_Your goal_
Where the records below show the word "mobile" in a line, please copy that line.

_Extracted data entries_
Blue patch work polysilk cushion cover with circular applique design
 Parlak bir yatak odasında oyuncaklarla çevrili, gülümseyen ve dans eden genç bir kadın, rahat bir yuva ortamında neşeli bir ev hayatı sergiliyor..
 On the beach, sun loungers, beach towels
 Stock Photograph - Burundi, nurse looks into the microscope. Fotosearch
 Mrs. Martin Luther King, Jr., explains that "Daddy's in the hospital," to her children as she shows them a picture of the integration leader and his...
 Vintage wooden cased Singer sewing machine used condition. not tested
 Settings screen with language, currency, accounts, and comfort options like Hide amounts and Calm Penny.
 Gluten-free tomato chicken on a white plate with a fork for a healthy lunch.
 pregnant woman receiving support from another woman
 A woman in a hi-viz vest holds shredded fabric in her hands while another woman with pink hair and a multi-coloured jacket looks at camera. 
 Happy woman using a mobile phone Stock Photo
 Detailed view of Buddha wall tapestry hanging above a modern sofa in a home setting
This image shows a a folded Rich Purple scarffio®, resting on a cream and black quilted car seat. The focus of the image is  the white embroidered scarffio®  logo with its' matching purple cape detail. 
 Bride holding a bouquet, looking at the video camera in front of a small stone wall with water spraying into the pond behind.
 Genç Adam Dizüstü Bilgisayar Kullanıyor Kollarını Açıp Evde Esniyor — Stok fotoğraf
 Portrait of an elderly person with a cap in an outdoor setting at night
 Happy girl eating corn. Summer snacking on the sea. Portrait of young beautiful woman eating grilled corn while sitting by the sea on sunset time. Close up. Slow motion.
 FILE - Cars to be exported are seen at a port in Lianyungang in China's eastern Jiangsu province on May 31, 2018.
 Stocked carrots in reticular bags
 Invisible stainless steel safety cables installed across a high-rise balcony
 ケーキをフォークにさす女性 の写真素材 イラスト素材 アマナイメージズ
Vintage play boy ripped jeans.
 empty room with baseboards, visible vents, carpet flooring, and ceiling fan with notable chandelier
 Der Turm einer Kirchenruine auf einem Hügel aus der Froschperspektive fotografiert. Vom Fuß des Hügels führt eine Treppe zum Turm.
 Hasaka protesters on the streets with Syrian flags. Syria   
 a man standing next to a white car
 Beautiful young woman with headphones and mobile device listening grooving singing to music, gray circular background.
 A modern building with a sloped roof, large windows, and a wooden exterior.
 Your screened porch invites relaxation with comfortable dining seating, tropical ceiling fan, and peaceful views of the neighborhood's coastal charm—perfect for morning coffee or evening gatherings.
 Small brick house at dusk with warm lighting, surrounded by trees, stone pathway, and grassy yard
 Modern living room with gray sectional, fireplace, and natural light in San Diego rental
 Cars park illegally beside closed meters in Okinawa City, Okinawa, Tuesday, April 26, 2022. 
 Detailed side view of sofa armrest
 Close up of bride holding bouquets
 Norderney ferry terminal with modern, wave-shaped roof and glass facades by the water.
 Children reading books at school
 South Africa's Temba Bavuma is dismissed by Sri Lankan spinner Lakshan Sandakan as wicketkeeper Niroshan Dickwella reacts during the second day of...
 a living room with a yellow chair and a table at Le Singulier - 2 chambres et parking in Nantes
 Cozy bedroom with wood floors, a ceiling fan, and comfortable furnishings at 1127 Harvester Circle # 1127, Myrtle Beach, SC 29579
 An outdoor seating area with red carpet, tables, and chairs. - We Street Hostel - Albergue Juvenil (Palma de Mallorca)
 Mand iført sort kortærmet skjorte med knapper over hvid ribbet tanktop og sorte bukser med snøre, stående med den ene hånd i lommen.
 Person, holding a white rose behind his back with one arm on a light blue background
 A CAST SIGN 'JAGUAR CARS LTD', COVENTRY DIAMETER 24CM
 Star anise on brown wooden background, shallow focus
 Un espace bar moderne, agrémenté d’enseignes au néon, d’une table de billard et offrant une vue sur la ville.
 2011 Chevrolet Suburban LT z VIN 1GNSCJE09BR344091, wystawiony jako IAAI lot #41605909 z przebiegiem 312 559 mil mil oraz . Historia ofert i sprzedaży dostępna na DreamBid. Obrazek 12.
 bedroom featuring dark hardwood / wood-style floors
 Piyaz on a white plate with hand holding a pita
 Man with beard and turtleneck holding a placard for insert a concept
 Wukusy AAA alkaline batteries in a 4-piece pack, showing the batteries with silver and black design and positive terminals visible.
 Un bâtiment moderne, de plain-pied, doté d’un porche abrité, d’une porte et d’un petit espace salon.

_Response to the exercise_
 Happy woman using a mobile phone Stock Photo
 Beautiful young woman with headphones and mobile device listening grooving singing to music, gray circular background.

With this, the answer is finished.